Low-rank data modeling via the Minimum Description Length principle
Robust low-rank matrix estimation is a topic of increasing interest, with promising applications in a variety of fields, from computer vision to data mining and recommender systems. Recent theoretical results establish the ability of such data models to recover the true underlying low-rank matrix when a large portion of the measured matrix is either missing or arbitrarily corrupted. However, if low rank is not a hypothesis about the true nature of the data, but a device for extracting regularity from it, no current guidelines exist for choosing the rank of the estimated matrix. In this work we address this problem by means of the Minimum Description Length (MDL) principle – a well established information-theoretic approach to statistical inference – as a guideline for selecting a model for the data at hand. We demonstrate the practical usefulness of our formal approach with results for complex background extraction in video sequences.
💡 Research Summary
The paper tackles a fundamental yet often overlooked problem in low‑rank matrix modeling: how to choose the rank (or, more generally, the complexity) of the approximation when the low‑rank assumption is used as a regularisation device rather than a true description of the underlying signal. The authors adopt the Minimum Description Length (MDL) principle, which equates the ability of a model to capture regularities with its ability to compress the data. By treating the decomposition Y = X + E (where X is low‑rank and E is sparse) as a coding problem, they derive explicit codelength formulas for every component of the model.
First, the low‑rank part X is represented by its reduced singular value decomposition X = U Σ Vᵀ. The diagonal of Σ is quantised to 10⁻¹⁶ precision and encoded using a universal integer code L(j)=log j+log log j+…, which yields a compact description that grows only logarithmically with the magnitude of the singular values. The orthonormal matrices U∈ℝ^{m×k} and V∈ℝ^{n×k} are assumed to be uniformly distributed on the respective unit spheres. Their columns are encoded by exploiting the geometry of spherical caps: the first component of each column is coded using the cumulative distribution function of the cap area, and subsequent components are recursively encoded on lower‑dimensional spheres orthogonal to the already‑encoded columns. Quantisation steps for U and V are chosen adaptively (starting from 1/√m and 1/√n) and refined until the total codelength stops decreasing.

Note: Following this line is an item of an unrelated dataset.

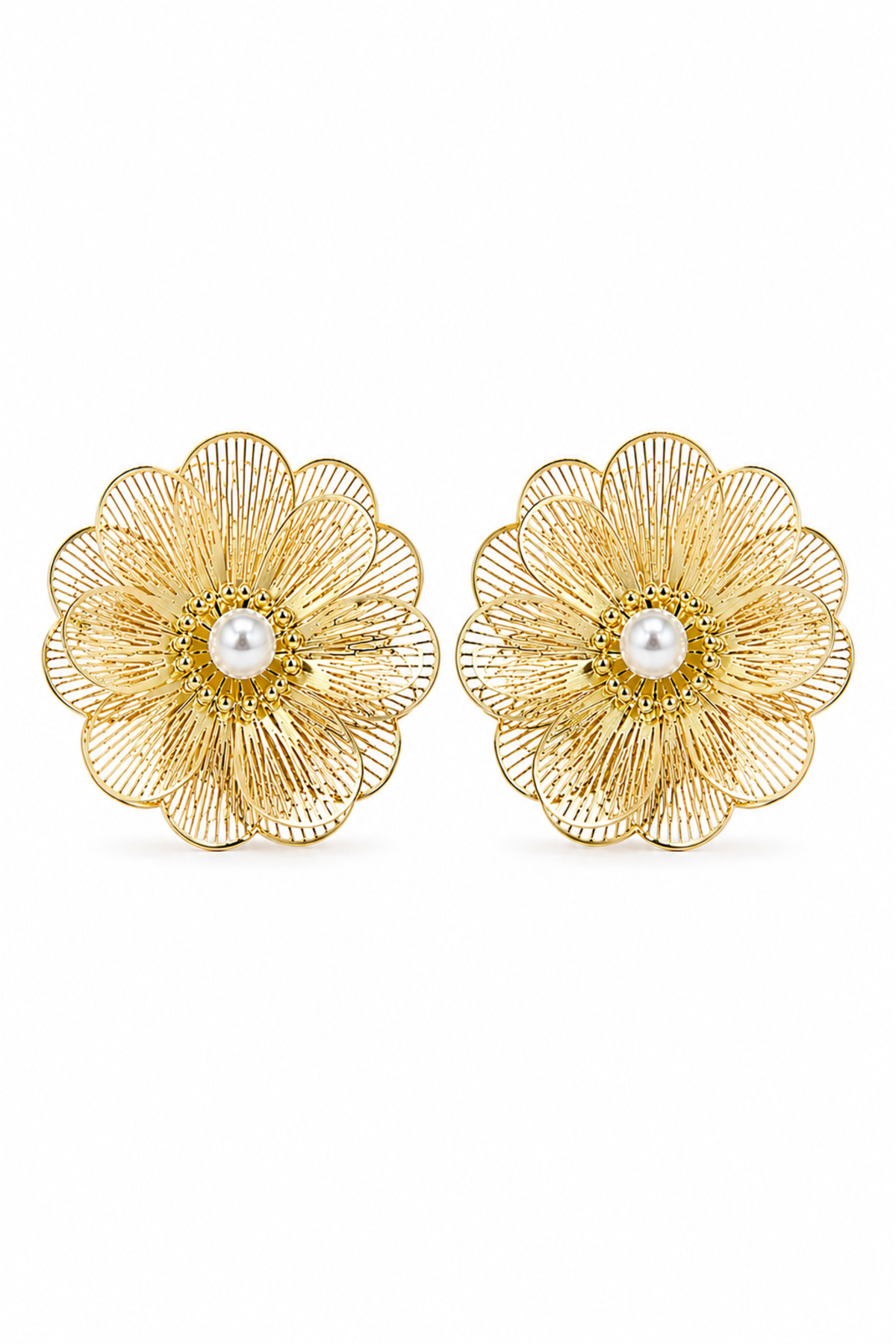Steel Color Resistant Guaranteed Invoiced Earrings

When additional prior knowledge is available, the authors enrich the coding scheme. In video surveillance data, the columns of U correspond to “eigen‑frames” that are spatially smooth. Each column is reshaped into an image and a causal bilinear predictor is applied; the prediction residuals are modelled as Laplacian random variables with unknown scale. A two‑part universal code encodes both the residuals and the estimated scale (≈½ log m bits for the scale). An analogous first‑order predictive coding is applied to the rows of V, which capture temporal evolution; again Laplacian residuals and a ½ log n‑bit scale term are used.
The sparse error matrix E is handled by first encoding the locations of non‑zero entries with an Enumerative Code for Bernoulli sequences, then encoding the non‑zero values themselves with a Laplacian model whose scale is estimated per row (reflecting that some pixels are more often occluded than others).
To search over possible ranks, the authors solve the Robust PCA (RPCA) convex program
min_W ‖Y‑W‖₁ + λ‖W‖_*
for a decreasing sequence of λ values. They employ an Augmented Lagrangian Method (ALM) with warm‑starts, so that each successive λ uses the previous solution as initialization, making the whole path computation efficient. For each λ they obtain a pair (X_t, E_t) and compute its total description length L(Y|X_t). The model with the smallest codelength is selected, providing a parameter‑free rank estimate.
Experimental validation is performed on real surveillance video sequences where background frames are stacked as columns of Y. The background, being largely static, is low‑rank, while moving people appear as sparse outliers. Traditional methods would require manual tuning of the rank; the MDL‑based approach automatically selects k≈10 for the “Lobby” sequence, correctly separating background and foreground, and even reveals subtle events such as lights being switched off (visible as a square‑pulse in the right singular vectors). The results demonstrate that the MDL criterion not only yields a principled rank choice but also offers a transparent way to incorporate domain‑specific priors (smoothness, temporal correlation) into the model.
In summary, the contribution of the paper is threefold: (1) formulation of low‑rank model selection as an MDL coding problem; (2) concrete, analytically derived codelengths for singular values, orthonormal bases, and sparse errors, with extensions for predictive coding when additional structure is known; (3) an efficient algorithmic pipeline that traverses the RPCA regularisation path and selects the optimal rank without cross‑validation. This bridges information‑theoretic model selection with robust low‑rank matrix recovery, opening the door to fully automatic, statistically sound low‑rank modeling in computer vision, recommender systems, and beyond.